Ritu, just one quick point on this, 'cause this kind of threw me for a little while. I was always kind of curious as to why the FDA cared, right?
Yeah.
'Cause if you think about it, these drugs are going to be given only under supervision, right?
Right.
It's not like it's. You're going to get access to the drug outside.
Yeah. Yeah.
And so I was always, you know, initially, I was kind of perplexed, like, "Why do you care?" Because, yeah, sure, there might be likability, there might be a lot of things, but if you can't access a drug, why, you know, why is that an issue? The concern is that, and this came up at the Lykos panel, if someone, quote, unquote, "likes the drug" or got, you know, that can be because of, you know, there was abuse, there were, it was, you know, euphoric, or they got a therapeutic benefit, they could go get the drug.
Yeah.
Right? That was the concern, and in fact, that happened.
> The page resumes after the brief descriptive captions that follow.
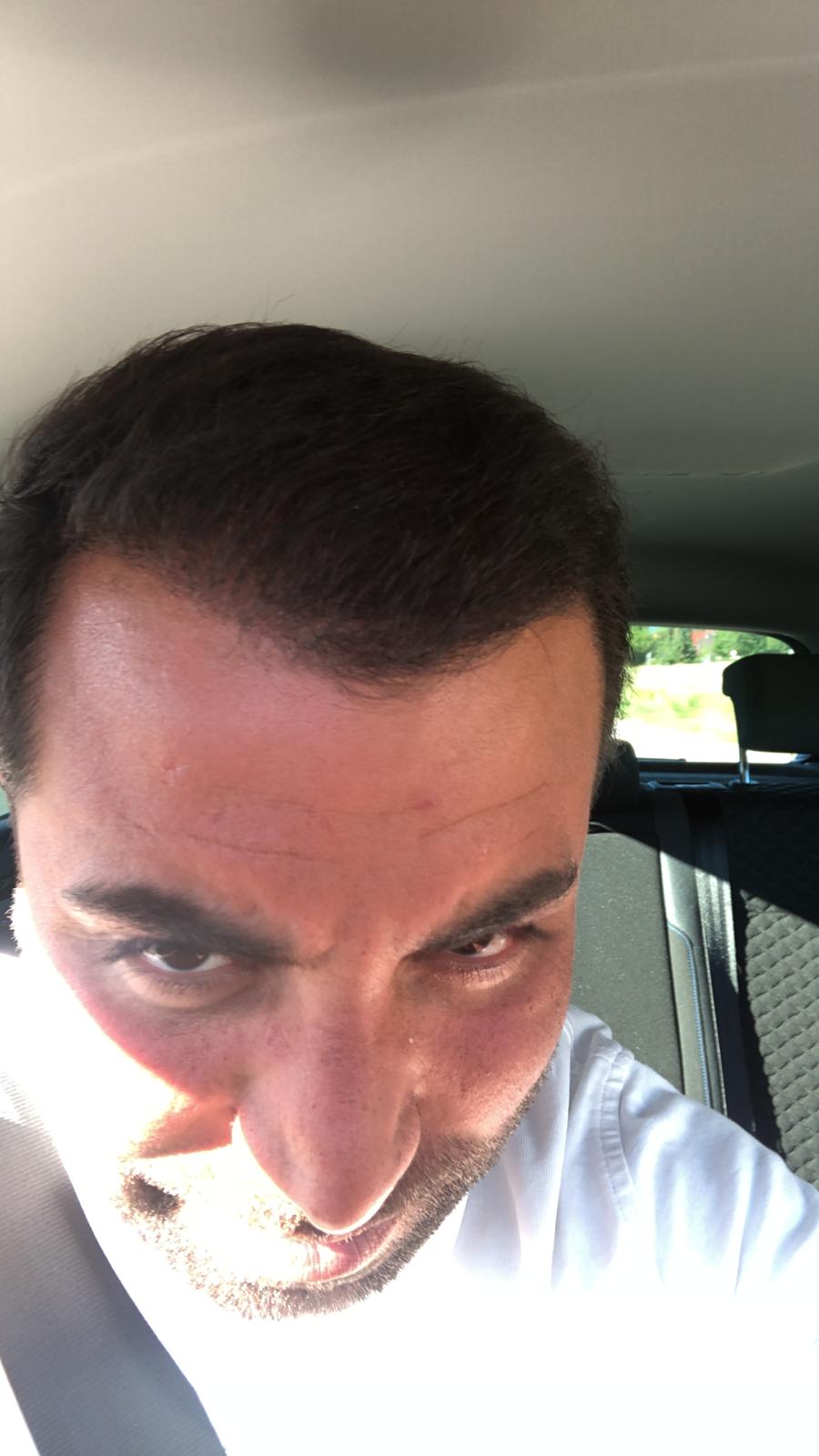 /foren/transplant/index.php/fa/43527/0/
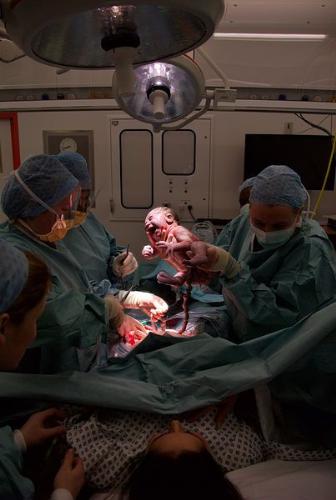 c-section operation  - c-section operation c-section operation 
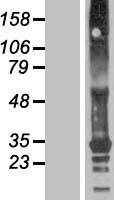 TMEM82 Protein - Western validation with an anti-DDK antibody * L: Control HEK293 lysate R: Over-expression lysate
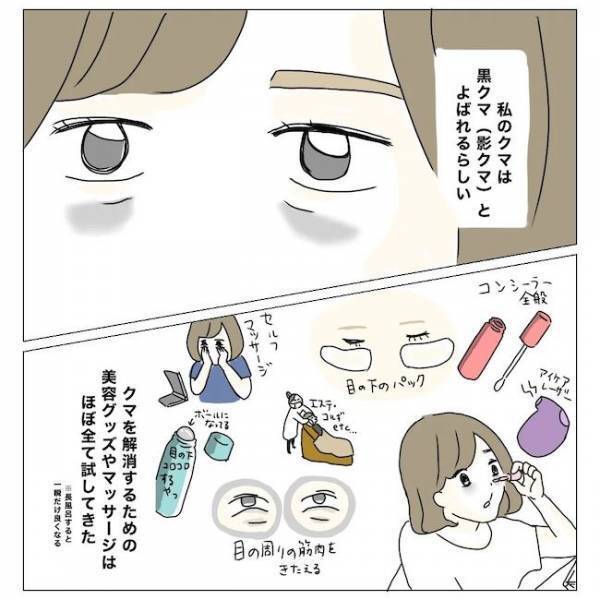 ＜内緒で美容整形＞「顔色悪いね…」元気なのに目の下が真っ黒。どうしたらいいの？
They could go get it from street sources, essentially.
Illicit. They could get the illicit drug.
Yeah. Yeah.
I think that was really insightful. That was a really important aha moment for me. You know, because again, it's difficult to envision how this drug could get loose, as it were, but that's the concern. Interestingly, I think it's more of a concern for MDMA than it is for the other compounds, even our MDMA-
... frankly, the drug that we're developing. And the reason for that is that one of the enantiomers, S-MDMA, is basically a stimulant, and we already know stimulants are Schedule II, right? They are drugs of abuse. So at least from the likability perspective, traditional likability perspective, you've got that. Now, all of these drugs, I guess, if the patient got such a big benefit out of it, there is a potential that they would go out and get it. It is what it is, right? Do I think that's a high probability? I don't know. But it's something that all of us will have to keep an eye on, of course.
Understood.
Speaking of bad experiences, the development landscape is building out with different long-acting or long duration and short duration psychedelic therapies. How do their psychedelic experiences differ, and do you anticipate that would also impact the abuse component of these drugs? Maybe we'll start with Villi.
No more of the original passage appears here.